ECLI:NL:RBZWB:2022:2673

Rechtbank Zeeland-West-Brabant

Datum uitspraak
16 mei 2022
Publicatiedatum
16 mei 2022
Zaaknummer
BRE 20/8296
Instantie
Rechtbank Zeeland-West-Brabant
Type
Uitspraak
Rechtsgebied
Bestuursrecht; Belastingrecht
Procedures
  • Eerste aanleg - enkelvoudig
Vindplaatsen
  • Rechtspraak.nl
AI samenvatting door LexboostAutomatisch gegenereerd

Bestuursrechtelijke procedure inzake naheffingsaanslag verbruiksbelasting en verzuimboete

Op 16 mei 2022 heeft de Rechtbank Zeeland-West-Brabant uitspraak gedaan in een bestuursrechtelijke procedure tussen een belanghebbende en de inspecteur van de Belastingdienst, alsook de Minister van Justitie en Veiligheid. De zaak betreft een bezwaar tegen een naheffingsaanslag verbruiksbelasting over de periode van 1 januari 2014 tot en met 30 juni 2018, waarbij ook een verzuimboete en belastingrente in rekening waren gebracht. De uitspraak van de inspecteur op het bezwaar vond plaats op 20 augustus 2020.
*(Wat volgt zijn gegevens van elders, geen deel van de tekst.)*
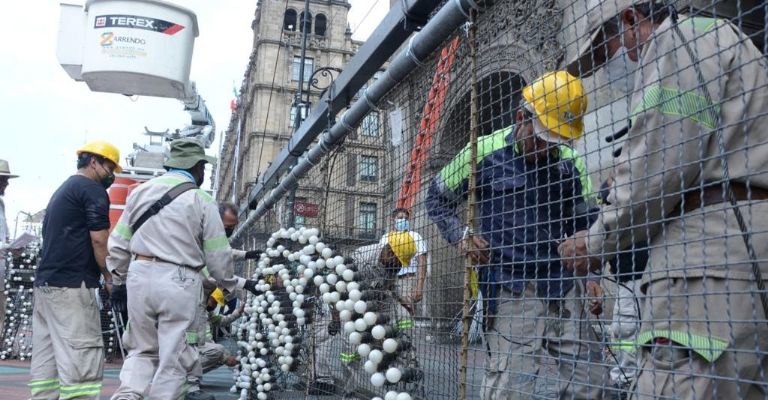 Luminarias zocalo capitalino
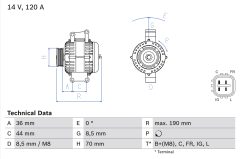 BOSCH 0986082050 — Alternator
Tijdens de zitting op 22 april 2022 in Breda, zijn de gemachtigde van de belanghebbende, mr. R.B.H. Beune, en vertegenwoordigers van de inspecteur gehoord. De rechtbank heeft geoordeeld dat het beroep van de belanghebbende gegrond is. De rechtbank heeft de uitspraak op bezwaar vernietigd, de naheffingsaanslag verminderd tot € 16.500, de verzuimboete vernietigd en de inspecteur veroordeeld tot vergoeding van immateriële schade van € 200. Daarnaast is de Minister veroordeeld tot vergoeding van immateriële schade van € 300 en zijn de proceskosten van de belanghebbende vastgesteld op € 1.518.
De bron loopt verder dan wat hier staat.